Well, this is taking me longer than I thought it would. At the time of writing I've finished a rough cut-out of two hill panels. I still need to add in more detail and fine-tune some of the rocks, but in overall I'm quite happy with the results.
I started out with taping the borders with masking tape. This will keep the plaster from falling off the sides. I then mixed up some wall plaster and placed it on the hill sides, like this:
It takes a while to completely dry on the inside
It's easy to cut the plaster while it's still a bit wet, but after it has completely dried you will need something sharp and hard to cut through it.
The perfect moment to try out my brand new dremel set my wife gave me for my birthday. The set has various bit attachments, each having a specific purpose. I tried a couple of them, but quickly discovered the dremel not to be very effective for cutting large chunks. Besides generating too much noise for me to work at night, it pulverizes the plaster, filling the already dusty room with even more dust.
The little dremel that could
I used a set of modeling tools instead. They allow me to use different techniques, each having its own unique effect on the plaster. For example, breaking off pieces of plaster creates a more natural effect than cutting it straight with something mechanical. I'm planning on using the dremel for adding in the details. It's much more suitable for that kind of work.
Modeling tool set
Below the results so far:
The smallest of them all
Grand canyon inside out
Two hill panels put together
Although it takes much longer, I like the process of moulding them. It's actually quite soothing, almost like meditating. Just me and my tools and a large blob of plaster to shape as I please.
Aligning the corner was surprisingly easier than I thought it would. Just place them together and duplicate it.
I'm planning on using Styroplast on the hill-sides and the Foam Coat for the flat areas. But, before I can apply these materials I need to do some preparation work and various tests to get familiar them.
First, I continued with the river panels. Using a sharp knife I carved out more detail into the river borders, then I sanded the whole panel and poured modeling plaster into the river. Not too much, just about 3 mm thick. The plaster functions as a ground surface and helps to smooth out the borders. It also allows you to put some stones in place, like this:
When the plaster completely dried I sanded it again and made sure all connecting points matched. At this stage the river panels are ready for the Foam Coat. I'm planning on combining the Foam Coat with Latex wall paint and various stone materials to create the required surface. Normally the Foam Coat dries within 10 minutes, adding Latex will extend the drying time, furthermore it allows me to apply a thicker layer without wasting the three pounds of Foam Coat.
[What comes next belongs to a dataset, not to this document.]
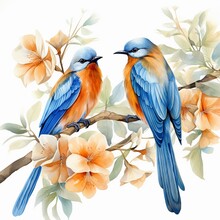 Watercolor Bird Of Paradise Clipart Featuring Exotic Orange And Blue Flowers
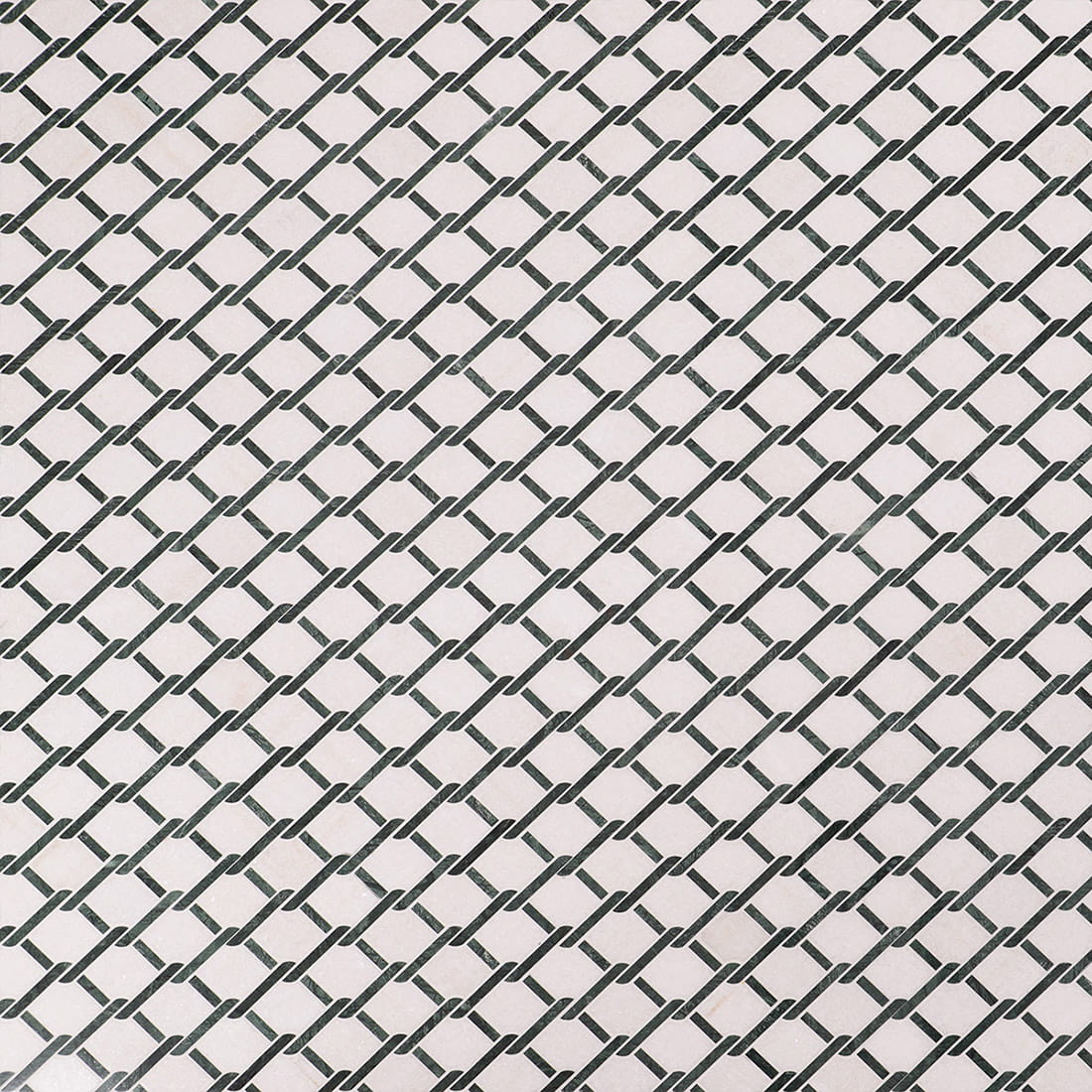 Full repeating pattern of green and white marble mosaic tile layout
As for the hills, I wasn't quite sure yet on how to make them. I knew the basic shape and size, but didn't want to cut-out the cliff-sides with a knife or foam cutter. So, while working on the river panels I tried out different tests with plaster. If you combine the foam with plaster you can mould all kinds of intricate details into the plaster with some simple cutting tools. So, the plan is to put blobs of plaster on the hill-sides, mould the cliffs out of it and put the Styroplast over the plaster to give it a rock hard surface. Something like this:
Having worked out which methods to use for the hills, I started out by cutting the foams boards. I glued these together with Foam Fusion and created two pieces of 40x40x4cm and two pieces of 40x20x4cm. I placed them on the panels and outlined the initial shape of the hill with a marker, then I cut them out with a foam cutter and sanded the entry points of the two hills, like this:
As you can see I've cut out the sides of the hill in a 45 degree angle. This will serve as a bedding for the plaster. Maybe I'll remove some more foam later, a curved angle would be better than a straight one.
Just like the panels, the hills get a wooden border for protection. Incidentally, the hill border is a bit smaller than the panel borders. This has mainly to do with the fact that I ran out of materials than anything else. In this case only the hight and length are important. I made the hill borders a bit shorter than the actual hills, the plaster will straighten this out in the end.
Don't mind the markings, they're incorrect
All four hill panels with hill borders in place
The plaster takes awfully long to dry. When it does, I'll take you through the process of the actual moulding of the hills. After that, we're on our way for some serious foam coating.